In the past couple of years, the violence in Mexico and around the U.S. border has increased. Since then, many books and articles have come out about the drug cartels, government corruption, and other issues. We all have work and other hobbies we like to do, and so sometimes we’re not up-to-date on the issues surrounding our neighboring country. The following is a reader’s advisory for books about the topic.

Narcoland: The Mexican Drug Lords and Their Godfathers by Anabel Hernandez

This book was originally published in Spanish under the title Los Señores Del Narco. The history of the drug cartels goes back many years and Hernandez details how Mexico became the hub for the major cartels in Latin America. Then, Hernandez does something dangerous: she writes about the connection between the cartels and the politicians, judges, and police who collaborated with them.

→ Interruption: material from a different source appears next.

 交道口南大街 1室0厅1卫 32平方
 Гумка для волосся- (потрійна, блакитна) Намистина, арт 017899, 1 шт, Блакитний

Hernandez had to have body guards assigned to her for a time, but the Mexican government removed them as recently as last year. However, other governments, such as France’s, intervened, and Hernandez was able to keep her bodyguards.


When I Wear My Alligator Boots: Narco-Culture in the U.S-Mexico Borderlands by Shaylih Muehlmann

The author, Shaylih Muehlmann, focuses on the indigenous people and workers living on the border of Mexico and the U.S. Due to poverty and other circumstances, these workers obtain jobs as drug “mules” and traffickers. Muehlmann spent a year researching a community near the border. It’s a sad reality that the people in the community are forced to choose between working with the drug cartels or a corrupted government.

The Fire Next Door: Mexico’s Drug Violence and the Danger to America by Ted Carpenter

In 2006, the Mexican government initiated their military campaign against the cartels. Since 2006, about 50,000 people have died due to this conflict. While this has affected Mexico in profound ways, it has also spilled over to the United States. The United States has their own strategy for dealing with these issues, but is it working?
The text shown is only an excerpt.